9. The end of the chapter focuses on Houston Chamberlain (1855-1927). He was born an Englishman, spent the first twenty-five years of his life in France, and ended his life a German. He married the daughter of Wagner, and his thinking was thoroughly Wagnerian.
His chief contribution was a book called The Foundations of the Nineteenth Century, which made him world famous. King Wilhelm II of Prussia wrote, "It was God who sent your book to the German people and you personally to me" (233).
While Wagner believed that the downward course of the world could not be stopped, he believed it could be halted. The German people, because of her cultural genius, could experience a temporary regeneration. Chamberlain, coming to Germany from elsewhere, was more optimistic that a "higher race could and must be bred" (234).
For Chamberlain, race was not by blood. Humankind created race. The kinship of this kind of race was a matter of affinity and culture. "The genesis of extraordinary races is invariably preceded by a blood mixture" (235). In other words, people of different blood come together to create a master race. So for him, the Aryan race was something to be created: 1) discover good "material," 2) nature will select the fittest, 3) mix these superior individuals together, 4) breed within that group.
Chamberlain had no room for the weak. This artificial selection must not be sentimental ("slave morality"). He writes, "The exposure of sickly children was one of the most beneficent laws of the Greeks, Romans, and Teutons" (2235).
Obviously any true democracy was thus a weakness because it allowed the illegitimate to vote and have voice. Public opinion, for him, was made by idiots or malicious traitors.
10. Chamberlain was convinced that the German people were the best ones to engineer this Aryan race.

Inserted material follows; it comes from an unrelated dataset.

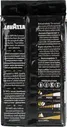 Молотый кофе Lavazza Qualita Oro Mountain Grown Mielona 250 г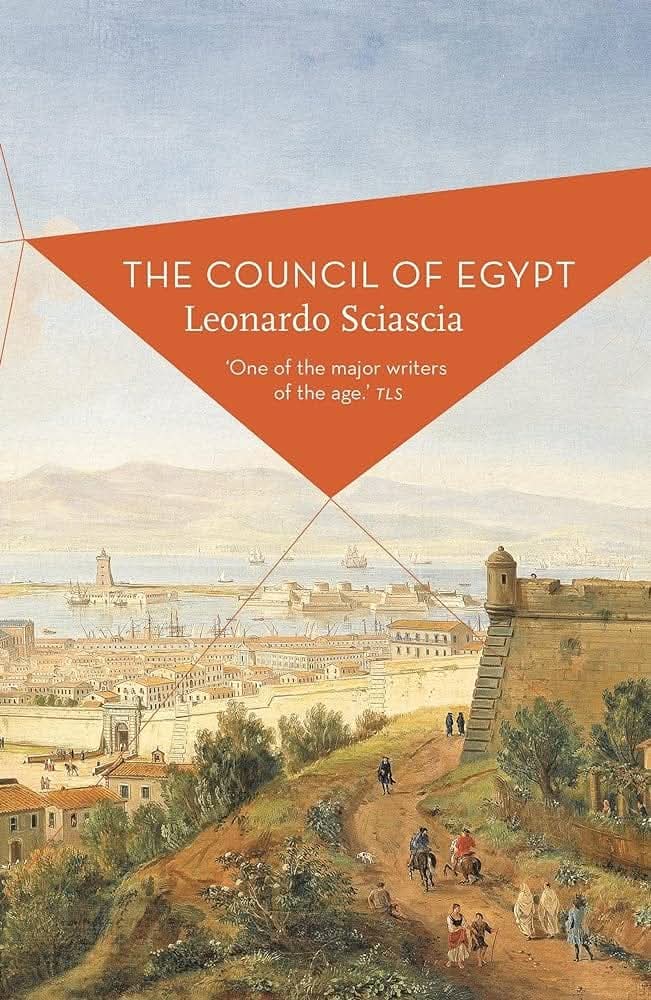  'مجلس مصر'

Germany was best gifted to organize all political life by scientific principles. It was gifted at practical systematization at the "planned co-ordination of all the parts of every productive unit." World domination cannot come through mere power. It needs to be a new type of power, resting on intellectual and moral foundations, "a scientific policy of genius" (241).
Chamberlain, weak himself now in 1923, had almost given up hope for such a state. But his meeting with the young Hitler renewed his hope. Democracy had come too late to Germany. The treaty at the end of World War I did not seize the opportunity to set up a world democracy. As we have seen, disaffected soldiers from the war became hit squads and an underground army. Disillusionment and despair gave birth to moral chaos.
"Democracy did not act in its hour; and so the Antichrist acted" (245).
2 comments:
You understood this chapter much better than I, so I really needed this post (wish I had it when i read the book nearly 10 years ago)
Great post summarizing and outlining. Thanks!
It took some processing to reorganize it. I think he may assume a lot for a non German audience.